A general DIRK method with $s$ stages has maximum order $s+1$, and methods optimized for stability 
typically have even lower order. 

From the definition of the DIRK methods, we may observe that the implicit midpoint method
introduced above is, technically, a DIRK method. However, is method is also a fully implicit
Gauss method, and is not commonly referred to as a DIRK method. The distinction between FIRK and DIRK methods
is only meaningful for $s>1$. The
Crank-Nicolson (implicit trapezoidal) method given by ([10](#cn_0))-([12](#cn_2)) is 
also a DIRK method, which is evident from the leftmost Butcher tableau in ([13](#irk_butcher0)). 
These methods are, however, only A-stable, and it is possible to derive DIRK methods with
better stability properties.
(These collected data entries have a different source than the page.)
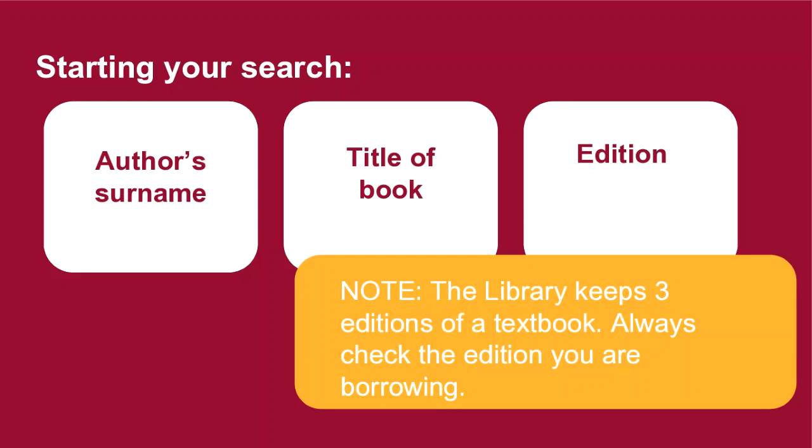Note the library always keeps at least three copies of a textbook in stock if it's available. That means we will have the latest edition and the previous two editions in stock if they are available. We don't provide a book for every single student in a class. If copies of the latest edition are out on loan, you can borrow the previous edition that is available.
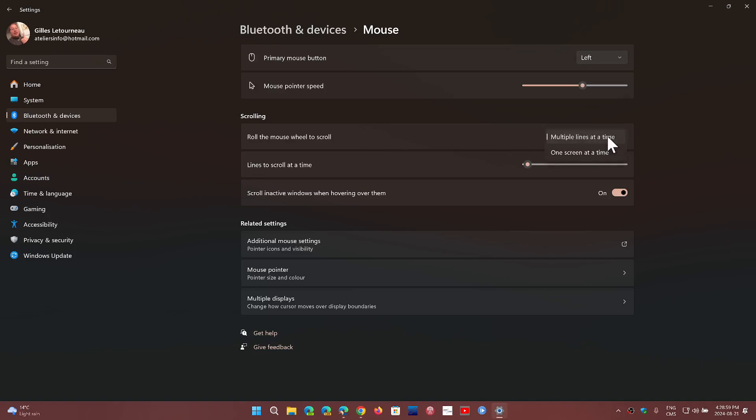So here you can change that. It could be one screen at a time, it could be multiple lines at a time, and if you choose multiple lines, you can actually choose how many.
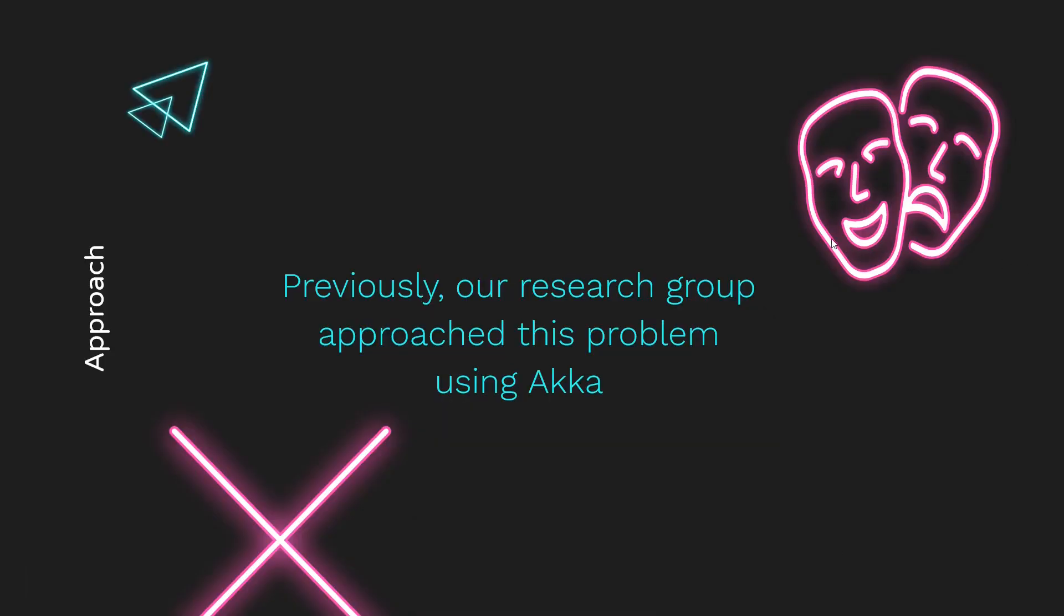It's also important to mention that other members of our research group are also at this conference presenting a paper on using Akka to solve the same problem distributed ray tracing instead of Spark. And we will be doing a comparison of Akka and Spark at the end of this presentation. And I believe Erica will now present our results.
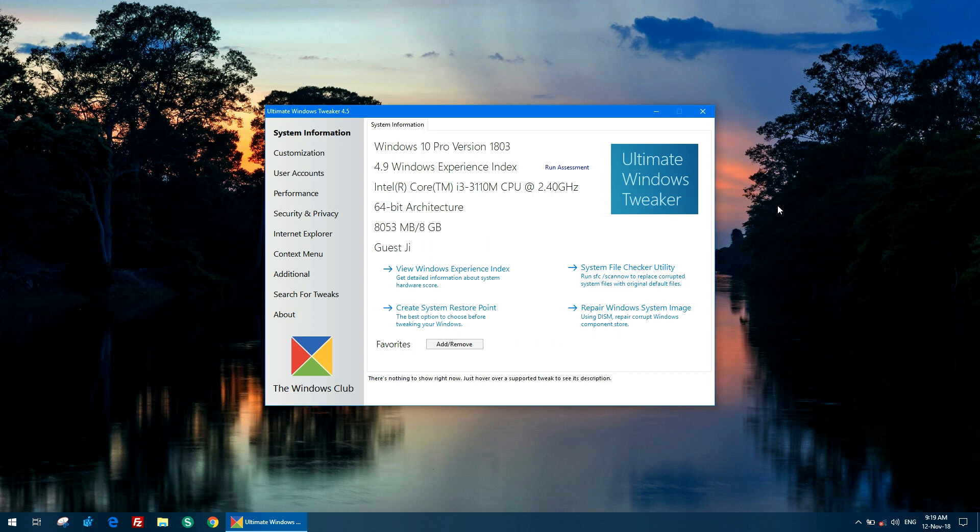Hello and welcome everyone to this tutorial on the new version of Ultimate Windows Tweaker, version 4.5. It is currently the latest release and I will walk you through the new features of it.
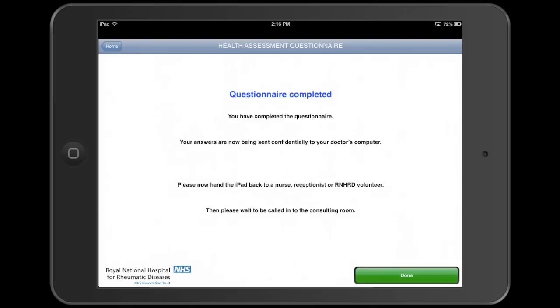Although the questions are simple, the clinical significance of each answer varies. A complicated set of scoring rules is applied by the iPad, and the results are sent back to the hospital's patient records system, before the patient goes into the consulting room.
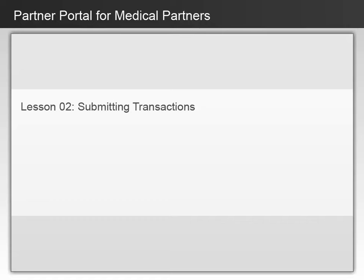Lesson 2 provides an overview of submitting transactions. This includes starting a new application and performing a search.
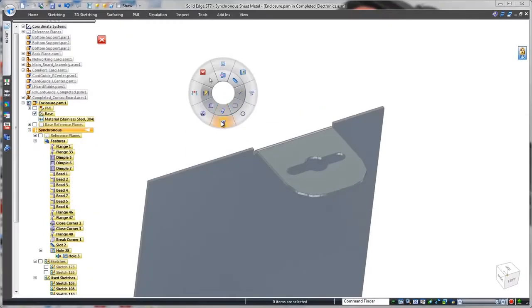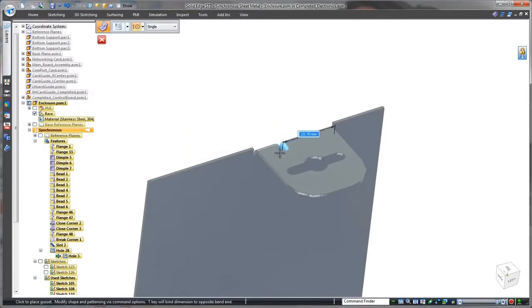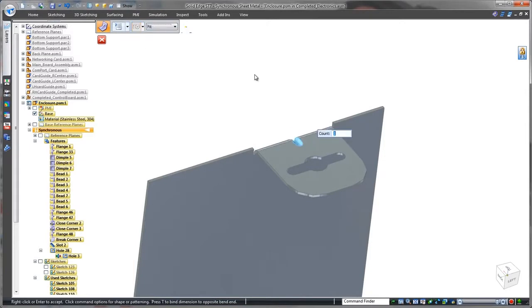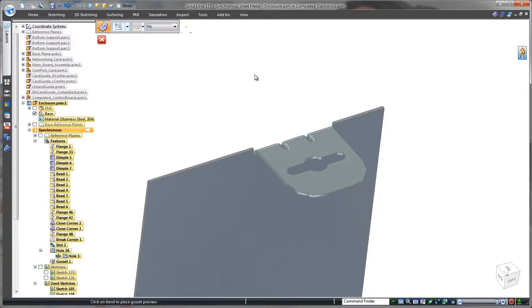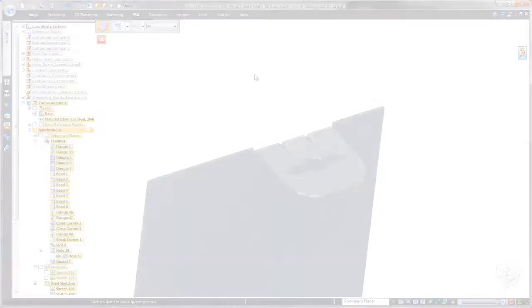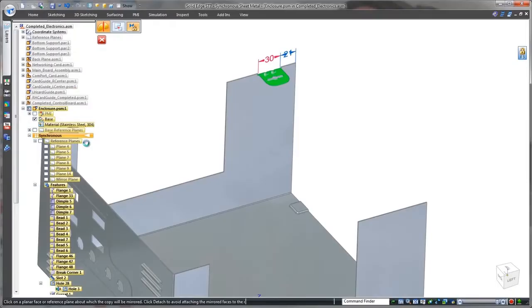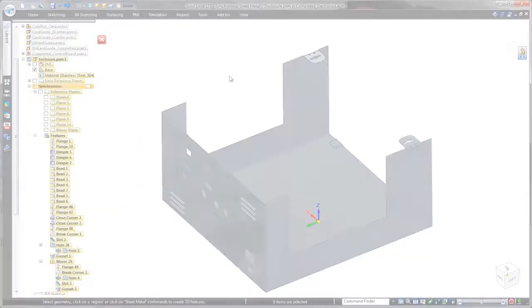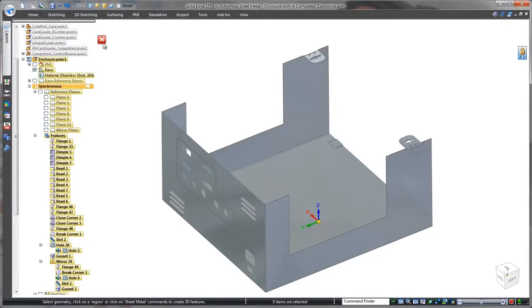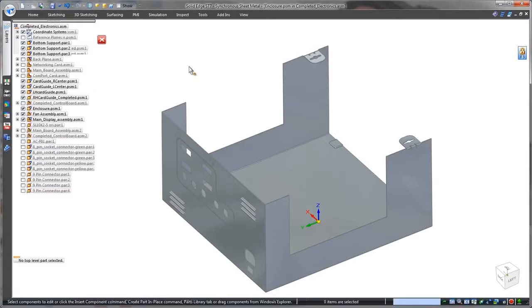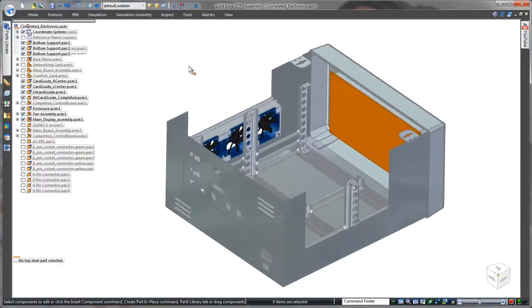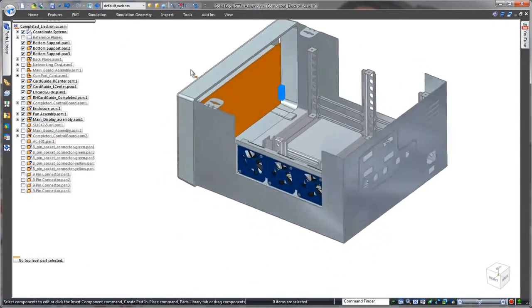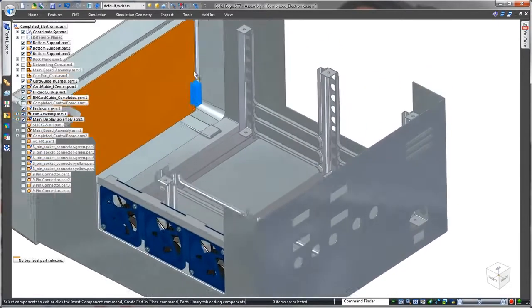The locking tab needs to be stiffened, so we'll use the gusset command. Simply specify two gussets, and Solid Edge automatically computes the spacing between them. Since an identical tab is needed to lock the lid on the opposite side, we'll quickly fence select and mirror these features to the other side. This completes the design of the enclosure's base.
An example of an L-stable, two-stage DIRK method of order two is given by

<!-- Equation labels as ordinary links -->
<div id="dirk2_v0"></div>

$$
\begin{equation}
\begin{array}{c|cc}
    \gamma &\gamma & 0 \\
    1  & 1-\gamma& \gamma\\ \hline
     & 1-\gamma& \gamma
    \end{array} ,
\label{dirk2_v0} \tag{16}\end{equation}
$$

with $\gamma = 1\pm \sqrt(2)/2$. The stability function is

$$
R(z) = \frac{1+z(1-2\gamma)}{(1-z\gamma)^2},
$$

and are A-stable for $\gamma >1/4$. For $\gamma = 1\pm \sqrt(2)/2$ the method is L-stable and 
second order accurate. Note that 
choosing $\gamma > 1$ means that we estimate the stage derivatives outside the 
interval $(t_n,t_{n+1})$, and for the last step outside the time interval of interest. 
While this does not affect the stability or accuracy of the method it may not make sense
for all ODE problems, and the most popular choice is therefore $\gamma = 1-\sqrt(2)/2$.
Notice also that in this method the two diagonal entries of $a_{ij}$ 
are identical, we have $a_{11}=a_{22}=\gamma$. This choice is very common in DIRK
methods, and methods of this kind are usually referred to as *singly diagonally
implicit* RK (SDIRK) methods. The main benefit of this structure is that 
the non-linear equations for each stage derivative become very similar, which
we can take advantage of when solving the equations with quasi-Newton methods.
In particular, the systems will have the same Jacobian matrix, which can 
then be reused for all stages. 


While we do not aim to present a complete overview of the various sub-categories
of RK methods, one additional class of method is worth mentioning. These are
the so called ESDIRK methods, which are simply SDIRK methods where the first stage
is explicit. The motivation for such methods is that the non-linear algebraic equations
involved in the implicit methods are always solved with iterative methods, which
require an initial guess for the solution. For SDIRK methods, it is convenient to
use the previous stage derivate as initial guess for the next one, which will usually provide 
a good initial guess. This approach is obviously not possible for the first stage, but an 
explicit formula for the first stage solves this problem. The simplest ESDIRK method is the implicit trapezoidal (Crank-Nicolson) method
introduced above, and a popular extension of this method is given by

<!-- Equation labels as ordinary links -->
<div id="butcher-tr-bdf2"></div>

$$
\begin{equation}
\begin{array}{c|ccc}
    0 & 0&  & \\
    2\gamma & \gamma & \gamma & 0\\ 
    1 & \beta & \beta & \gamma \\ \hline
     & \beta & \beta & \gamma \\
    \end{array} ,\hspace{0.5cm} 
    \label{butcher-tr-bdf2} \tag{17}
\end{equation}
$$

with $\gamma = 1-\sqrt{2}/2$ and $\beta = \sqrt{2}/4$. The resulting equations for each time step are

$$
\begin{align*}
k_1 &= f(t_n, u_n),\\ 
k_2 &= f(t_n+2\gamma\Delta t,u_n+\Delta t(\gamma k_1 + \gamma k_2)), \\
k_3 &= f(t_n+\Delta t,u_n+\Delta t(\beta k_1 + \beta k_2+\gamma k_3)), \\
u_{n+1} &= u_n + \Delta t (\beta k_1 +\beta k_2+ \gamma k_3) . 
\end{align*}
$$

This method can be interpreted as the sequential 
application of the trapezoidal method and a popular multistep solver called BDF2 
(*backward differentiation formula* of order 2), and it is commonly referred
to as the TR-BDF2 method. It is second order accurate, just as the trapezoidal rule, but it 
is also L-stable and therefore suitable for stiff problems. 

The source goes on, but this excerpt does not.